The Marine Pavilion, the prince’s holiday home, like his London one, Carlton House, underwent several alterations and refurbishments during his 40-year patronage of Brighton. The pavilion’s final incarnation — Indian-like onion domes and Chinese style interior, a building looking like
something from the Arabian Nights — is the one that is seen today.
The war with the French from 1792 until 1815, and Napoleon’s conquest of Europe meant that wealthy Britons could no longer travel on that continent. They were forced to find alternative venues for their pleasure in their own country. And in the late 18th century Dr. Russell of nearby Lewes published a tract extolling the healthful properties of sea water, both to bathe in — and to drink! A favourite resort of the Prince of Wales’ father George III was Weymouth. There, every time the king emerged from his dip in the sea, a small orchestra played the National Anthem; thus causing others on the beach to get to their feet and the men to remove their hats.

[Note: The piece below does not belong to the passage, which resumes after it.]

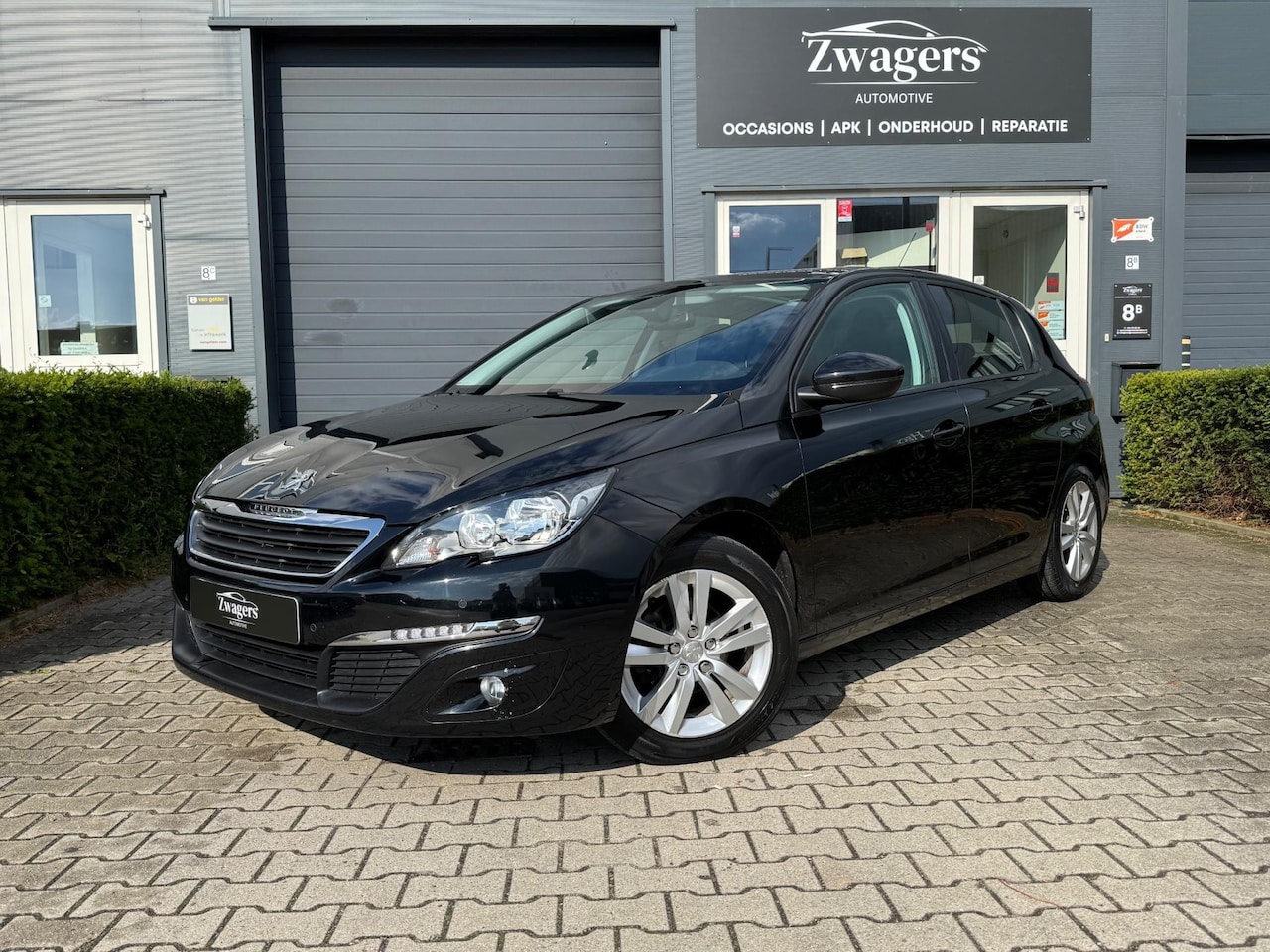 Peugeot 308 - 1.2 PureTech|Pano|Navi|Cruise|Trekhaak - AutoWereld.nl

These circumstance led to the development of Brighton and other seaside towns as holiday venues for those who could afford to visit. The Prince Regent first went to Brighton seeking relief for his painful glands. He stayed with his uncle the Duke of Cumberland, whose love of cards and high-flying life matched his own. Fashionable society soon followed him there, a population explosion creating a housing boom expanding the town north and east. Used to the many amenities and pleasures of London, the visitors expected their needs tone met in Brighton, and their were entrepreneurs to cater to their whims.
Brighton boasted two inns — The Castle and The Ship — with assembly rooms for weekly balls and cards during the season, a Master of Ceremonies, a theatre, circulating libraries, a grammar school, indoor baths , charming villas to rent or buy, and more than twenty coaches a day joining the heavy traffic on the London to Brighton Road.
There was one thing that London-by-the- Sea had that its dirty, smokey namesake did not: sea bathing and the bracing sea air. Borne down to the water’s edge in horse-drawn wooden bathing huts on wheels, the bathers were helped into the water by male and female “dippers, two of whom became very well known: Martha Gunn and ‘Smoaker’ Miles. Men and women had separate beaches, the women covering themselves in flannel bathing gowns — the men bathed naked.